Underground parking garage with substantial concrete columns; basements that are partitioned.

That' 2.


----------



## fatboy (Dec 18, 2014)

"or where walls, partitions or other obstructions"

If you have _*any*_ interior wall in the basement, the sprinkler requirement triggers. That's how we are reading it


----------



## cda (Dec 18, 2014)

fatboy said:
			
		

> "or where walls, partitions or other obstructions"If you have _*any*_ interior wall in the basement, the sprinkler requirement triggers. That's how we are reading it


not sure that makes since?


----------



## cda (Dec 18, 2014)

so it looks like it changed from the 09 to the 12.

Does anyone have access to the change proposed to the 2012??


----------



## fatboy (Dec 18, 2014)

To me the idea is the fire folks don't want to try and fight a basement fire around or through walls, if it is wide open, their hose stream can knock it down. JMHO

If you have the time and patience you can go back through the archives on  the ICC site, they have all the gyrations for each code adoption, it's just a pain to get through.


----------



## north star (Dec 18, 2014)

*= & = & =*



My WAG is:

In reading through some of NFPA 13, ...[ IMO  ] it seems to be a dimensional requirement.

I haven't located specific language that states that, but seemingly it is somewhere

between 50 - 75 ft. of an approved hose stream............Any obstructions within that

50 - 75 ft. range would require an approved, alternative sprinkler design for those

spaces [  *RE:* NFPA 13, Ch. 21 - Alternative Sprinkler Designs For Ch. 12 Through 20   ].

I'm still looking tho'...



*= & = & =*


----------



## FM William Burns (Dec 18, 2014)

Fatboy has a pretty good handle on it.  Subterranean spaces present very difficult challenging fire scenarios due to the lack of ventilation and high temperature developing conditions due to the lack of abilities to reduce them through natural or positive pressure ventilation.  Having occupancies where subterranean compartments are created also present difficulties in rescue and survival.  Many firefighters have lost their lives in basements with our most recent in Philly the other day.  Hose stretches into subterranean spaces of greater than 50' decrease the rescue potential.  Fire spread in confined spaces without hose stream advancement abilities can also bring the entire structure down.  This was a successful initiative driven by the fire service representation in the code development process I believe.


----------



## cda (Dec 18, 2014)

north star said:
			
		

> *= & = & =*
> 
> My WAG is:
> 
> ...


Don't think you will find it


----------



## cda (Dec 18, 2014)

Do if you have a basement 30 feet from an opening no sprinklers required

But if you put up one wall that obstructs the spray you have to sprinkle it???


----------



## north star (Dec 18, 2014)

*+ & + & +*





> "But if you put up one wall that obstructs the spray you have to sprinkle it???"

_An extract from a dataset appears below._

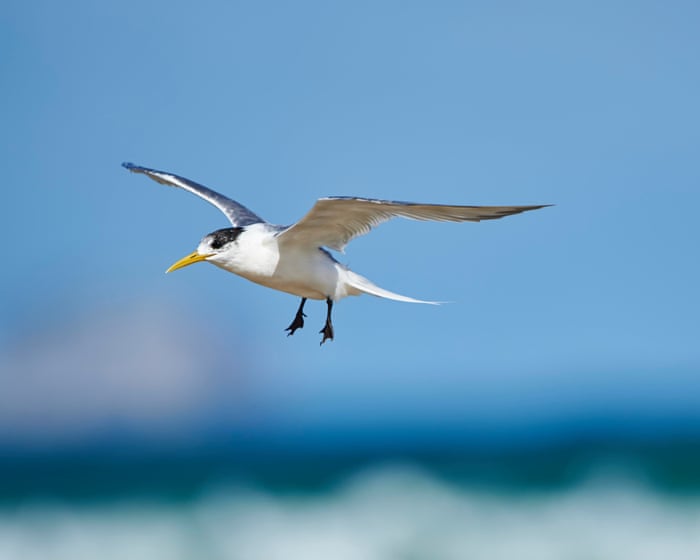 Deadly H5 bird flu found in local Australian seabird for first time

Spray from what if no sprinklers are required ?*+ & + & +*


----------



## mtlogcabin (Dec 18, 2014)

FM

Here is a scenario

1400 sq ft 28 X 50 basement with no windows. Door and stair at the 50 ft end other end has water heater and HVAC equipment. No sprinklers required.

Right before CO owner wants to install a wall and create a "mechanical room". Now he has to install a fire suppression system throughout the basement?


----------



## fatboy (Dec 18, 2014)

you got it cda.........

I probably have a handle on it because I probably heard the arguments at the hearings, and have blocked it from my memory.


----------



## cda (Dec 18, 2014)

north star said:
			
		

> *+ & + & +*Spray from what if no sprinklers are required ?
> 
> *+ & + & +*


1, or where walls, partitions or other obstructions are installed that restrict the application of water from hose streams, the basement shall be equipped throughout with an approved automatic sprinkler system.


----------



## fatboy (Dec 18, 2014)

mt, I think at that point you could make the argument that the scenario you describe would not block the hose stream, as they would have access to the entire basement, sans the mechanical room


----------



## cda (Dec 18, 2014)

Need to find to change proposal to the 2012

And

Can anyone post the 2012 commentary ???


----------



## north star (Dec 18, 2014)

*~ & ~ & ~*



cda,

For my own clarification, ...are you saying that anything greater

than the 30 ft. dimension would require sprinkling ?.........Thanks !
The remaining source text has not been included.